=== DATA RECORDS ===
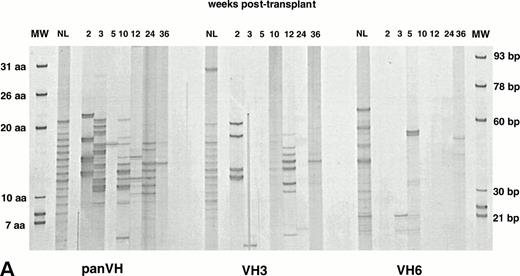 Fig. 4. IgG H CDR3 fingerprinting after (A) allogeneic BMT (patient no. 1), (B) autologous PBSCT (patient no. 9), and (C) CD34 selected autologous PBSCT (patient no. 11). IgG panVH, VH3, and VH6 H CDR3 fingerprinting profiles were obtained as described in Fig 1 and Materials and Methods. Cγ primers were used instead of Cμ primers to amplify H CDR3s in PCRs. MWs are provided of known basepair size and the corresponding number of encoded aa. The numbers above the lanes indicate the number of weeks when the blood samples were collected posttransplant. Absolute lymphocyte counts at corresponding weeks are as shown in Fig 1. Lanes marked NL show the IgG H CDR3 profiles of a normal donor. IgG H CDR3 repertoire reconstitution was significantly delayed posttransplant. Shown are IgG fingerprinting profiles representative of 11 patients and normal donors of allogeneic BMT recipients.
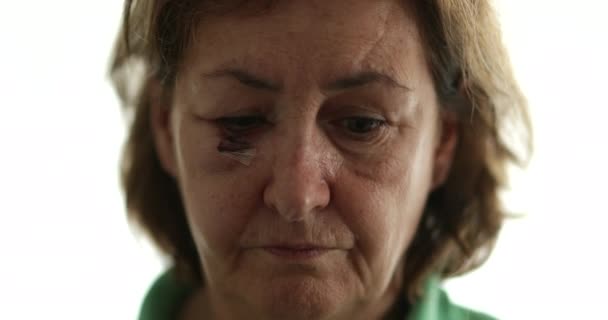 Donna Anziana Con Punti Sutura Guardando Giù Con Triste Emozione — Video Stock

==

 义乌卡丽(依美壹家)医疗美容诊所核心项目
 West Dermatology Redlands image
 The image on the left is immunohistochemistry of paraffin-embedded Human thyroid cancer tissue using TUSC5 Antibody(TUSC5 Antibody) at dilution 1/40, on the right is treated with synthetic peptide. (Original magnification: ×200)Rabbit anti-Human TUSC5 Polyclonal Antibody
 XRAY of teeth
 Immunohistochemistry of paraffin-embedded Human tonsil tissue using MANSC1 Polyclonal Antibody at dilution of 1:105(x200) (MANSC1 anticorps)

...

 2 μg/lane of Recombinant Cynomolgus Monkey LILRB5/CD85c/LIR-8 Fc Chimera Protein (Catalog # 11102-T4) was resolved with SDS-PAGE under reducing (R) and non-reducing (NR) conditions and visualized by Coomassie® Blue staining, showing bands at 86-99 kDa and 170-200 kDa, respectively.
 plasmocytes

=== YOUR INSTRUCTIONS ===
Extract from the records above the lines from the one containing "2 μg/lane of" to the one containing "plasmocytes", both lines included, exactly as they appear and with nothing else.

=== TASK SOLUTION ===
 2 μg/lane of Recombinant Cynomolgus Monkey LILRB5/CD85c/LIR-8 Fc Chimera Protein (Catalog # 11102-T4) was resolved with SDS-PAGE under reducing (R) and non-reducing (NR) conditions and visualized by Coomassie® Blue staining, showing bands at 86-99 kDa and 170-200 kDa, respectively.
 plasmocytes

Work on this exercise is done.